Each line of the material must be repeated precisely, with the pictures left out.

━━━━━━━━

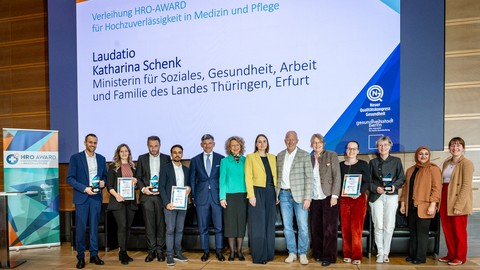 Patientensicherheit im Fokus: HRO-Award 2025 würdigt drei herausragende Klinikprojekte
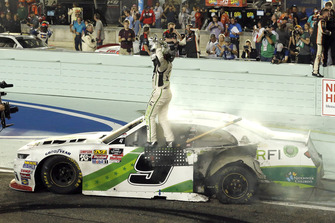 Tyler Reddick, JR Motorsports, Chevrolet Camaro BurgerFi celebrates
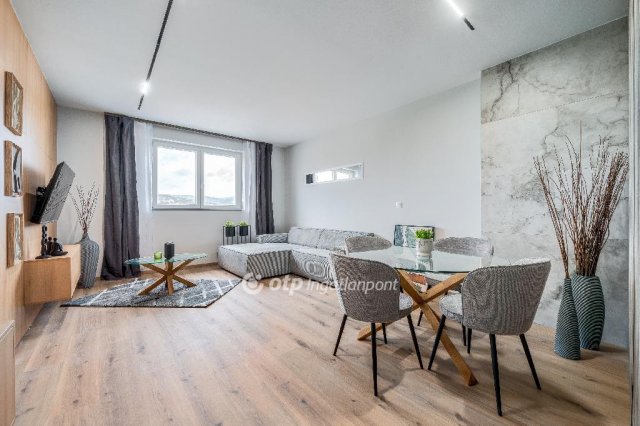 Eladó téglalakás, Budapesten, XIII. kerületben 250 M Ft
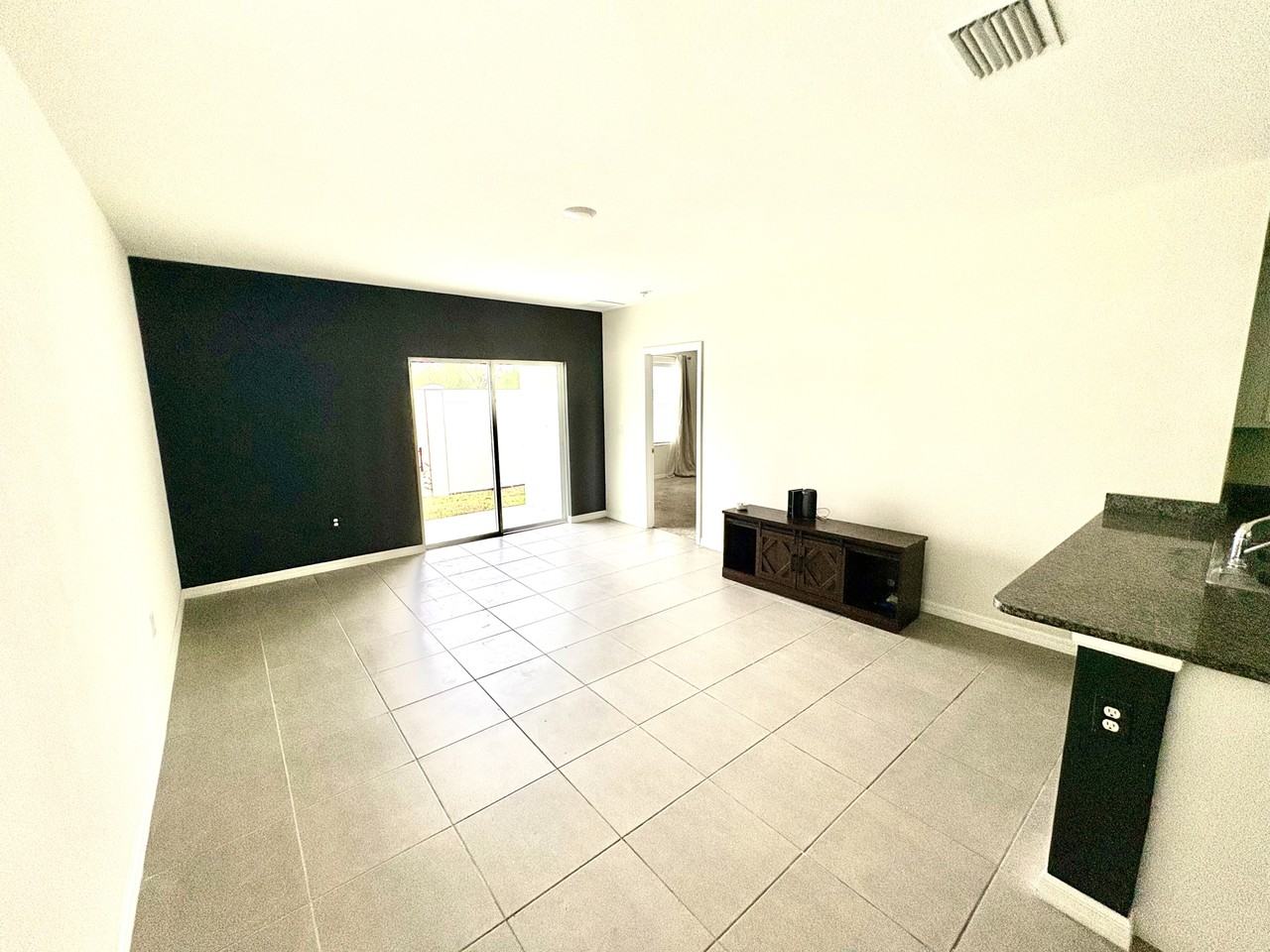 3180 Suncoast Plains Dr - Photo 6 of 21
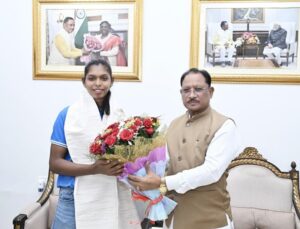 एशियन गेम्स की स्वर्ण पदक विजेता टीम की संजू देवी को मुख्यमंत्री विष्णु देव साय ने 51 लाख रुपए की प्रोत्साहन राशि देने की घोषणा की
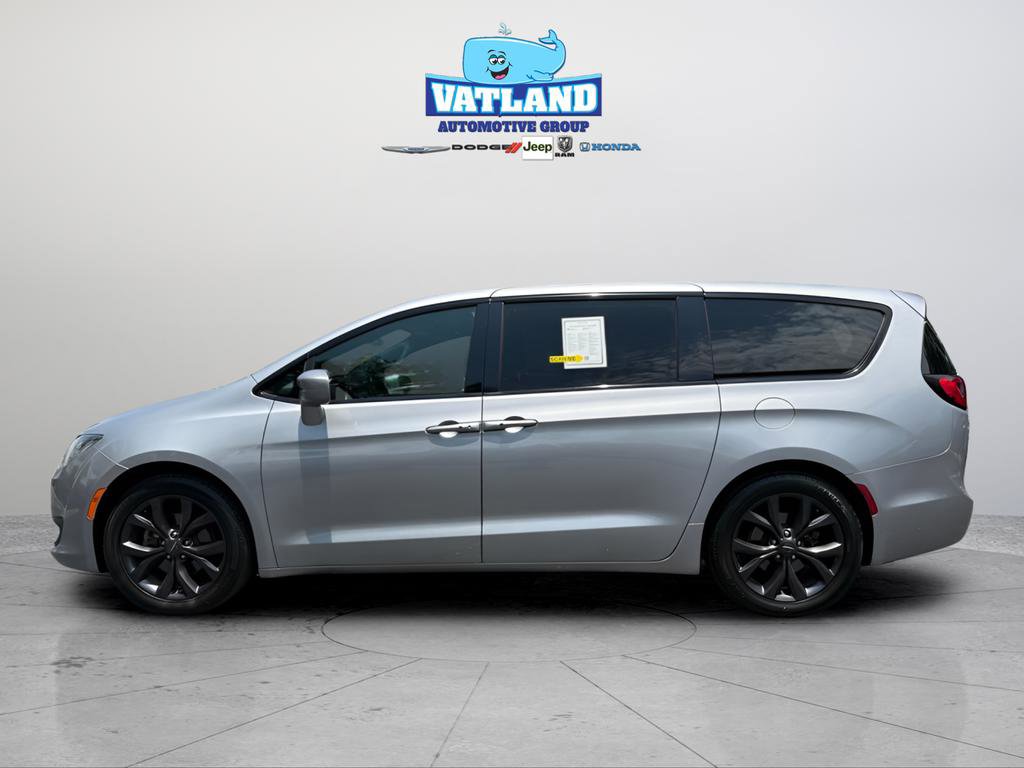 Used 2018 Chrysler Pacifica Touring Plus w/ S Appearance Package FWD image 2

━━━━━━━━

**Exercise output**
 Patientensicherheit im Fokus: HRO-Award 2025 würdigt drei herausragende Klinikprojekte
 Tyler Reddick, JR Motorsports, Chevrolet Camaro BurgerFi celebrates
 Eladó téglalakás, Budapesten, XIII. kerületben 250 M Ft
 3180 Suncoast Plains Dr - Photo 6 of 21
 एशियन गेम्स की स्वर्ण पदक विजेता टीम की संजू देवी को मुख्यमंत्री विष्णु देव साय ने 51 लाख रुपए की प्रोत्साहन राशि देने की घोषणा की
 Used 2018 Chrysler Pacifica Touring Plus w/ S Appearance Package FWD image 2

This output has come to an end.